Robert M. La Follette School of Public Affairs
Wednesday, February 28, 2018

Viewing one’s FICO Score improves financial behavior, study shows

Viewing one’s FICO Score improves financial behavior, study shows

Student-loan borrowers nudged to view their FICO Score had on average fewer past due accounts and a higher FICO Score one year later, a study by La Follette School Assistant Professor Rourke O’Brien and colleagues shows.

The multi-year randomized control trial with more than 400,000 Sallie Mae student loan borrowers was designed to test the impact of a person viewing their FICO Score on a range of financial outcomes, including repayment behaviors.
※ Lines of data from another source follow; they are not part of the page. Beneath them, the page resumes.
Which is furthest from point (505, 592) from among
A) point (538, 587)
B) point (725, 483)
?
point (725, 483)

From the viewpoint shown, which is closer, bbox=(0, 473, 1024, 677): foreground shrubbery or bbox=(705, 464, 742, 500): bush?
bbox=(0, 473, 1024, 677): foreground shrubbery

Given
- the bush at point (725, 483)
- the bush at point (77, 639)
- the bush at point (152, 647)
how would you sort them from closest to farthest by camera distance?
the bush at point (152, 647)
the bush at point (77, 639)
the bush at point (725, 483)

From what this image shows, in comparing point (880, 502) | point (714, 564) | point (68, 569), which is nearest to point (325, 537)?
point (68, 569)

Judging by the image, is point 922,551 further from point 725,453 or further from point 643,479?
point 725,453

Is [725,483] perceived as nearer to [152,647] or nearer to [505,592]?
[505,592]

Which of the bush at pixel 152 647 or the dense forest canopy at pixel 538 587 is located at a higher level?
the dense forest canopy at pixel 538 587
Lenders use FICO (Fair Isaac Corporation) Scores to help them make billions of credit-related decisions every year. Sallie Mae offers education loans for undergraduate, graduate, and professional students to help bridge the gap between personal resources and financial aid.
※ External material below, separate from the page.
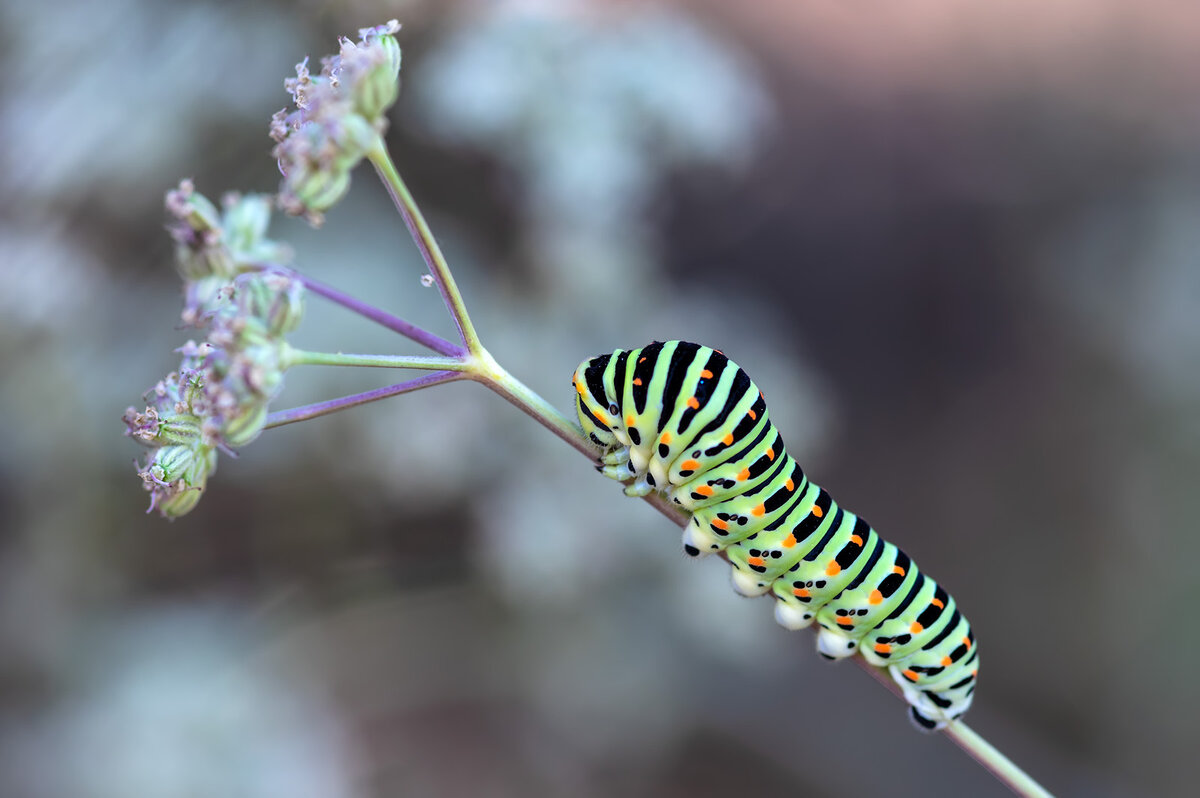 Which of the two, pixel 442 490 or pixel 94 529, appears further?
pixel 442 490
O’Brien, Abby Sussman of The University of Chicago Booth School of Business, and Tatiana Homonoff of New York University’s Wagner School of Public Service conducted the multi-year randomized control trial.

Borrowers in the treatment group received quarterly email nudges to log in to Sallie Mae’s website and view their FICO score. Those in the control group received no email nudges but could still access their score.

These findings indicate that engagement with a personalized, quantified, dynamic measure of creditworthiness may help people make better financial decisions,” said O’Brien. “They also underscore the potential for targeted, low-cost scalable interventions to improve financial behavior and creditworthiness.”